夜漫長,孤枕難眠。各家燈火,熄了開,開了熄。

翌日。

十二人聚集。

“少主,全員到齊。”住第三大房屋的青年說道。牛頭耿在一旁也不說話,百無聊賴的扒拉著地上的青草。

“你叫什麼名字。”劉英勇滿臉嚴肅的問道。

“牛三。”青年毫不猶豫的回道。遠處青年的老父親有些顫抖:小東西,還真敢講。

“哦,還有這麼奇怪的名字。那麼你呢。”劉英勇又問緊挨著的另一人。

“回少主,我叫牛四。
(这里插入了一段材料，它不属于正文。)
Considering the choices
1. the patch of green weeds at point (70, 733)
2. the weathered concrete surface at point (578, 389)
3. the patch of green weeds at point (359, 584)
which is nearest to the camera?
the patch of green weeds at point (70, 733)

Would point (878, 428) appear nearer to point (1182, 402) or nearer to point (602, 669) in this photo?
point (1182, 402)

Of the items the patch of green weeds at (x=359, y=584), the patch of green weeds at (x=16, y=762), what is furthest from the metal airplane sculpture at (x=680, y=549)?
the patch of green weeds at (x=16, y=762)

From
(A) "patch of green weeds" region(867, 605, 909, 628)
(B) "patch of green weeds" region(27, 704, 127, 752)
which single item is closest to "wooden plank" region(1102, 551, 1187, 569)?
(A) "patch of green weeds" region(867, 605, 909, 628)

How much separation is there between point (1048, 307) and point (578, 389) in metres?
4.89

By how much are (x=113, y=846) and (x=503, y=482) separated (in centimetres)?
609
”青年滿臉堅毅,從容不迫。

“我也懶得一個個問了,你們這都是什麼名字?自己挨著報。”劉英勇憋著笑,牛四,諧音豈不是牛屎。

“牛五。”

“牛六。”好嘛!這貨名字諧音牛牛。

“牛七。”

“牛八。”

“牛九。”

“牛十。”又是一個諧音牛屎的。

“牛十一。”

“牛十二。”

大夥報完後,劉英勇饒有興致的看向牛頭耿,心想:這貨該不是牛一吧?

“你看我幹嘛?我就叫牛頭耿。”牛頭耿拔了一把青草,扔向劉英勇。

“那麼,牛一去哪了?”劉英勇問完,便後悔了。他想到了牛頭耿喝醉時告訴他的那個死去的老頭。

“與我們同在,永生不朽!”包括牛頭耿,十二個人齊聲喊道!

“對不起,我失言了。”劉英勇拱了拱手。

十一人眼泛淚花,沉默不語。牛頭耿倒是悠閑自在的很,看不出情緒波動。

“還愣著幹嘛!到你了。”劉英勇踹了牛頭耿一腳。

“由今天開始,全天候訓練。為進入牛神殿做準備。殿內陣法古怪凶險,九死一生。認真對待訓練,家屬不得擾亂正常訓練。違者,不問緣由,強製清離!”爬起身,牛頭耿醞釀了一會,臉上的憨笑瞬間不見,嚴肅無比,鄭重宣告。

老人們又不高興了:就知道這兩貨沒一個好東西,想法設想要趕我們走。我們不能上這兩個畜生的當,穩住,坐著看猴戲。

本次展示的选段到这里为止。